Comparing the two approaches

Looking inside your laptop

0:11 - One of the things we’ve tried to emphasise when discussing supercomputer hardware is the way that supercomputers are very much built from commodity standard components– fairly standard– reasonably high end– but fairly standard processors and memory, but very large numbers of them. And so a supercomputer gets its power from having very large numbers of CPU-cores. However, it’s clear that the way that a supercomputer is packaged and put together must be very different from the way a commodity item, like a laptop, is put together.

0:39 - So what I’m going to do in this video is to deconstruct a laptop and also show you the inside of a board from a real supercomputer, and try to compare them so you can see what the similarities and differences between them are. So what I have here is a fairly standard laptop from the mid to late 2000s. And I’m going to take it apart, deconstruct it, to show you how it’s put together and kind of contrast the pieces that make up a standard laptop with a board from a supercomputer. So I would advise you, don’t do this at home, because it will destroy your laptop. But I’ve done this with a fairly old machines, so hopefully it’s OK!

1:12 - So the first thing is we don’t need the screen, OK? We’re not going to need the screen, so we can discard the screen. Secondly, we would not need the keyboard, OK? We don’t log into each node on a supercomputer and then type away, so we don’t need the keyboard. There’s some other packaging here. And we’re not going to need the battery.

1:33 - So we’re just left with the bare board here which has to all the components on it.
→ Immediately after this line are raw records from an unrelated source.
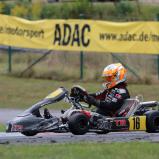 ADAC Kart Masters, Wackersdorf II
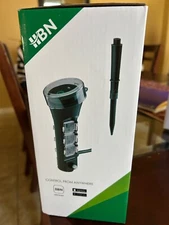 HBN Outdoor Smart Plug Waterproof WiFi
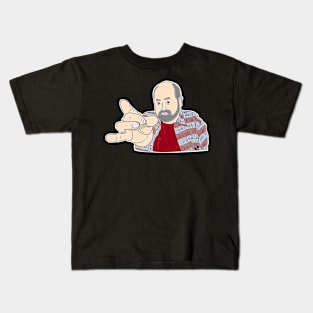 Kim's Convenience Kids T-Shirt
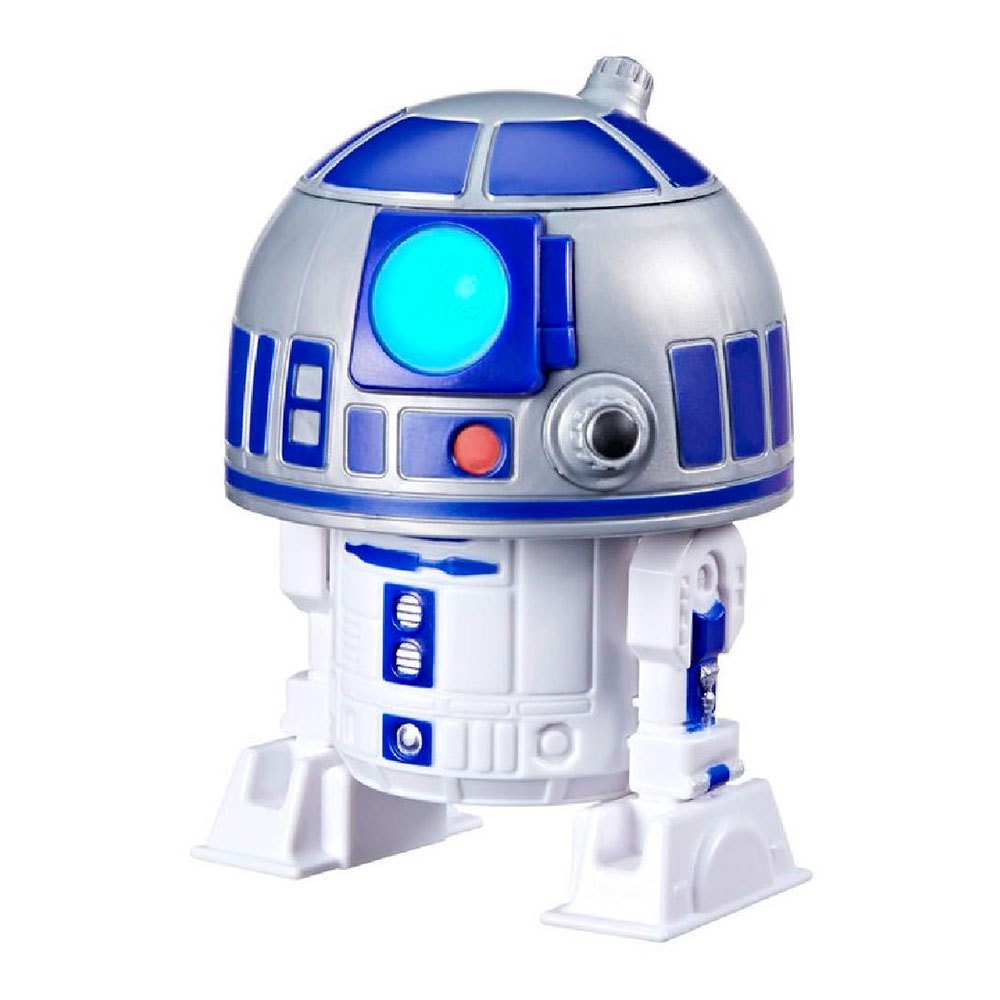 Buy Star Wars Droidables R2D2 Figure | Yallatoys.com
Now we can see the components we’re going to need to retain for a supercomputer, which basically– the processor in the middle here, this is a Dual-Core Intel Processor. And actually there’s memory here as well. And the memory is actually on the other side if we turn this over– a little card here, which contains the memory. Well we can even see on the back here, there are components we really are not going to need when we have a supercomputer. There’s a wireless card interface here. There’s a disk here.

1:59 - Now the nodes on a supercomputer tend to be diskless, and there’s connectors here for other peripherals. We’re not need them when we put this into a supercomputer. So going back to the front again, I’ve pointed out the CPU and the memory, but there’s a whole array of other components here, which are all to do with what you need to do on a laptop. You need to drive the disk. You need to drive the screen. You need to drive the keyboard. There’s a touch pad here, and there will be things like Bluetooth and all the other peripherals, which you need to connect to a laptop. None of that circuitry is going to be required when we put this into a supercomputer.

2:32 - So hopefully, you can see– that although, we have the things we are going to need, the CPU and memory– there’s clearly a whole lot of other stuff going on here, which we’re not going to need when packing this up into a supercomputer.

We’ve explained that the hardware building blocks of supercomputers, memory and processors, are the same as for general-purpose computers.

But ARCHER looks very different from your laptop! In this video David deconstructs a laptop so that we can compare its packaging to the specialist design of a supercomputer.

Diagram of user in relation to computer containing an operating system, multicore processor and memory

How similar is your laptop to a node of a supercomputer?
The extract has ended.